→ WORK REQUEST
Range to output from the entries below: the line containing "photograph Levenhuk Wezzer" through the line containing "OCTAV3 OCTAbyss – July Drop iPhone Case". Set it down exactly, ends included, nothing else.

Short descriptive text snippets
= = = = = = =

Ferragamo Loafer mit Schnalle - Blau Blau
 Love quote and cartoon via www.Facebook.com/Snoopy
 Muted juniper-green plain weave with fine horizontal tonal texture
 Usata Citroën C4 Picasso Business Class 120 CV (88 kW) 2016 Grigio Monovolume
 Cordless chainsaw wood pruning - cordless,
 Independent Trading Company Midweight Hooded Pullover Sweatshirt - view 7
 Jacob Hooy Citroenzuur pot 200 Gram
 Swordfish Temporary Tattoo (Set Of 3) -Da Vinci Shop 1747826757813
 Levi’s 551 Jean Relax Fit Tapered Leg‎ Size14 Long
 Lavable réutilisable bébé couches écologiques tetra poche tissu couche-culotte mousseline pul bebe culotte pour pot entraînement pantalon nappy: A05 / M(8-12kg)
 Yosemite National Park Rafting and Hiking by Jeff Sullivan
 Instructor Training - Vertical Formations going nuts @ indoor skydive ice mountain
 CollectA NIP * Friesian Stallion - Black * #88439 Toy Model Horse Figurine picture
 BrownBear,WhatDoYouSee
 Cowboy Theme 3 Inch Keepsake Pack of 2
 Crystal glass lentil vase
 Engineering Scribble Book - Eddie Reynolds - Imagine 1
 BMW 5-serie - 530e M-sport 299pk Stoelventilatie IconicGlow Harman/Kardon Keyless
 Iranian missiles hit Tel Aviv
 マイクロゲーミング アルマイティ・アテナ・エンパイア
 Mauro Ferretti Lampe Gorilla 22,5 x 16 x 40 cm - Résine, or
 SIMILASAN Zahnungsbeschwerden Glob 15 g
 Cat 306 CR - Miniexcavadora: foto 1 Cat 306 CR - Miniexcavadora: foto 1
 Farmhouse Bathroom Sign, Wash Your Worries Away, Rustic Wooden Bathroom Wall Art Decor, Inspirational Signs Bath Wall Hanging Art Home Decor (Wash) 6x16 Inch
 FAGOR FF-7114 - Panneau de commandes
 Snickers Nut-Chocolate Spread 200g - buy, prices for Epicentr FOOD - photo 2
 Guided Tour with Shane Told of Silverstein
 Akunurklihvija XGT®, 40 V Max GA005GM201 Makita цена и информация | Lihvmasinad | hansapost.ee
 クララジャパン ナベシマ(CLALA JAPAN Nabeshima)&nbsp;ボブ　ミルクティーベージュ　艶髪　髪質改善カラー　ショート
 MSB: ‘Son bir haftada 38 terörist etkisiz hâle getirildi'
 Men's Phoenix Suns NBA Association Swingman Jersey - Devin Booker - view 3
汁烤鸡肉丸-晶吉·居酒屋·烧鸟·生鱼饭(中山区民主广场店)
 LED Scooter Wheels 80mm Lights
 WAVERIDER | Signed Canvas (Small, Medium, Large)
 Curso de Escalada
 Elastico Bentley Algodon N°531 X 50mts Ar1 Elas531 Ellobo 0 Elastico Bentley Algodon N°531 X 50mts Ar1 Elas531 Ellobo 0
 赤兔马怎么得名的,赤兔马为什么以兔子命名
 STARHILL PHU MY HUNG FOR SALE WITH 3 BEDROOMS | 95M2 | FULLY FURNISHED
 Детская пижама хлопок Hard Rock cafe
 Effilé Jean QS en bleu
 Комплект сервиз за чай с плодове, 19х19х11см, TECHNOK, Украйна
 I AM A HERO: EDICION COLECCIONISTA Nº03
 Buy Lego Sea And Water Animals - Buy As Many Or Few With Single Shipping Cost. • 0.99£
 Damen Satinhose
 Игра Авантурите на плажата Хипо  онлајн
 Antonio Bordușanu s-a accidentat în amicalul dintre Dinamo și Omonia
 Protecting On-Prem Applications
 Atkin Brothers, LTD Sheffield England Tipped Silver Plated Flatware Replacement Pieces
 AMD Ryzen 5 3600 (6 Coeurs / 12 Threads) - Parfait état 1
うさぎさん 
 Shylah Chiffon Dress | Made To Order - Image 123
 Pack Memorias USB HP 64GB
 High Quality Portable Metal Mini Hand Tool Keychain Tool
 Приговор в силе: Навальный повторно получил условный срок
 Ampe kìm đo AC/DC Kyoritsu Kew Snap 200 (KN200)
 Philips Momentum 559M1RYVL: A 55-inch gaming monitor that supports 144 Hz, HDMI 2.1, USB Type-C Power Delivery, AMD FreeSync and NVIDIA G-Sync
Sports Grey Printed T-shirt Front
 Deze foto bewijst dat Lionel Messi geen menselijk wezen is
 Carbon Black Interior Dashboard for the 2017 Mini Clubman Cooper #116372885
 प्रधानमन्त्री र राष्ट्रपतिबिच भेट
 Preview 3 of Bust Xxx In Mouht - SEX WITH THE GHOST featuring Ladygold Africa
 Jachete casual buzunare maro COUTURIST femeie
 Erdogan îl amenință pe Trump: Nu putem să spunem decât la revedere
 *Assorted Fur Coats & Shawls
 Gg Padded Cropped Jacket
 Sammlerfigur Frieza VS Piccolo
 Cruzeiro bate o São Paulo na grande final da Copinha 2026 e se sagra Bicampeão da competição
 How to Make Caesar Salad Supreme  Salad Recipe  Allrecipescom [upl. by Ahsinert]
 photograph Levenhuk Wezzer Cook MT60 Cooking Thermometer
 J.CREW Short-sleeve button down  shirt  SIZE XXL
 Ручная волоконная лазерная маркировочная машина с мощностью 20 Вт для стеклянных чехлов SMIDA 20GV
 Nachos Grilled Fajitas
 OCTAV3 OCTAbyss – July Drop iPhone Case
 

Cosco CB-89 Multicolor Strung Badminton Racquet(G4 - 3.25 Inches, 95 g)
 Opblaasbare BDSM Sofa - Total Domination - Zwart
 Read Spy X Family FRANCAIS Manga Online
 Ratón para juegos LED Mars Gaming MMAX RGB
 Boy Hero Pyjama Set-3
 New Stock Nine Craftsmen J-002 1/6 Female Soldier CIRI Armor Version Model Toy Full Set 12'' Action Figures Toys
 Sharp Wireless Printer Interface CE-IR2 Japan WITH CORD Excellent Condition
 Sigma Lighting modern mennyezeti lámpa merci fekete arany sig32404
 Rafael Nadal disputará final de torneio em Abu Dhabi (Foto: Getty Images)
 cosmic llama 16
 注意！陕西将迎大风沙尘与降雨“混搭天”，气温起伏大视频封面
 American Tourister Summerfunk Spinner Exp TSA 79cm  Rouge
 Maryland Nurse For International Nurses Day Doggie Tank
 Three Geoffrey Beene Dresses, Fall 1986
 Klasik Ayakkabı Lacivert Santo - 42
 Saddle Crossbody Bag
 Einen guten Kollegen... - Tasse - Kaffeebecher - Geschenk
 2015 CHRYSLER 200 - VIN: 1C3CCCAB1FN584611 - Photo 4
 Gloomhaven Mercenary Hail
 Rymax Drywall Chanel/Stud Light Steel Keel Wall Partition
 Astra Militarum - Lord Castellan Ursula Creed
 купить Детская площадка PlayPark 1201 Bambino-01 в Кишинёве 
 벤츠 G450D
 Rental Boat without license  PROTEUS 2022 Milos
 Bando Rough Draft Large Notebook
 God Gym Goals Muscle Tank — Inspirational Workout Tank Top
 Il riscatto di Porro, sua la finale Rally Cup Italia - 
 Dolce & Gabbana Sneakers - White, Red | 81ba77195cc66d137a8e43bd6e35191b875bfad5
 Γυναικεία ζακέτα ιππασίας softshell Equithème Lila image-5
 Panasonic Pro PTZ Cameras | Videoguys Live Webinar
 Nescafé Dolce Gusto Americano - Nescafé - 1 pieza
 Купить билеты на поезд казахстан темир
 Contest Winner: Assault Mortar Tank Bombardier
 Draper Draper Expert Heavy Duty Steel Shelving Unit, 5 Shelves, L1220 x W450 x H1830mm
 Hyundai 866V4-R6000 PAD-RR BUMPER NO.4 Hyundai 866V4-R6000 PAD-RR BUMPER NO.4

= = = = = = =

→ SOLUTION FOR THIS TASK
 photograph Levenhuk Wezzer Cook MT60 Cooking Thermometer
 J.CREW Short-sleeve button down  shirt  SIZE XXL
 Ручная волоконная лазерная маркировочная машина с мощностью 20 Вт для стеклянных чехлов SMIDA 20GV
 Nachos Grilled Fajitas
 OCTAV3 OCTAbyss – July Drop iPhone Case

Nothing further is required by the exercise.